Friday, December 2, 2016

Status of Word Quest



As I reflected on my teaching of reading and language arts, I realized that one of the places that I didn't spend enough time was direct instruction of language and vocabulary building.  It is tough because often you are leaning on a couple students with advanced vocabularies to help fill in the gaps of what kids don't know.  It can feel like it is not beneficial if the same kids are sharing the meaning of those tough words, but I am kind of coming around to the fact that it is helpful for kids to hear kids define words.

One of my goals this year is to make my students truly hunger for the meaning to the words that they read.  It may be a situation where I want them in a dictionary looking words up, it may be that I want them talking about books together to make meaning, or it may be that I want them to be better at using context to anticipate the meaning of difficult words.

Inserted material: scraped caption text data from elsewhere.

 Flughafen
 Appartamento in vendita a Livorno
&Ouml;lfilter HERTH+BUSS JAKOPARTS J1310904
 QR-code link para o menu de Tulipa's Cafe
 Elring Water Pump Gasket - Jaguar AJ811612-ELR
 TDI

Then we come to the spelling/word study conundrum.  The district went away from the traditional model for spelling because we were not seeing children apply it in their writing or outside of a test they were memorizing word in order to pass.  Many in the district have moved to following a word study program based on doing word sorts and basically still working in the old model but letting kids be in groups based on their abilities and not just "grade level" words.

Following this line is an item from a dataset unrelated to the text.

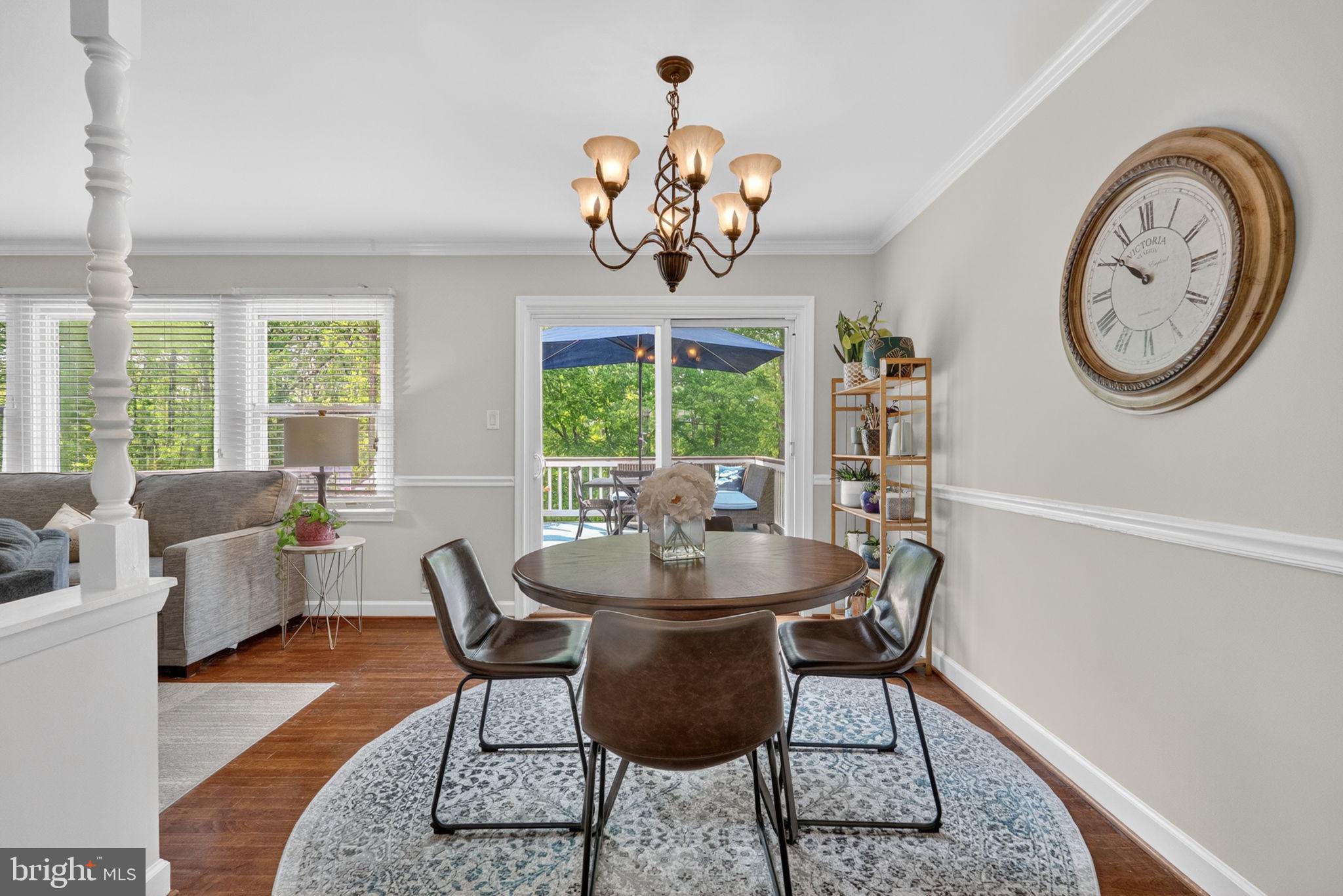 2211 DOCKSIDE COURT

I wanted to try something different and more self-directed.  I want to create something that helps kids see vowel patterns within their reading and take it over into writing their own sentences.  I wanted to create something that they could work on with families and share and talk about words.  I want kids to have ownership of their vocabularies and understand the words that they use and not just memorize them.  I am not a good speller, but I love learning and thinking about the origins of words and the Greek and Latin roots that help create words.


Word Quest is my attempt to create that love of words.  My goal for word quest is that they complete a minimum of one quest per week, but if that is an area that they want to grow then they can do more.  Word quest may evolve over the year as I see how effective we are on our next spelling inventory.  The kids seem to be excited and I am happy to see dictionaries being cracked and students excitedly sharing words they learned.  I want to create a video that walks through what I am looking for so you know how to help on word quest.  I am going to try to get that done this weekend.


The bottom line is that I only want to do work that shows a long term benefit.  I will be toying with this program until I see something that students will invest in and it will carry over into their work and help them use their vocabularies in meaningful ways.  Thank you for helping me out with the support at home if kids are bringing their quests for help.  I have seen some amazing work that I can tell was supported by a conversation with parents at home.  It really feels like a team this year and it feels good.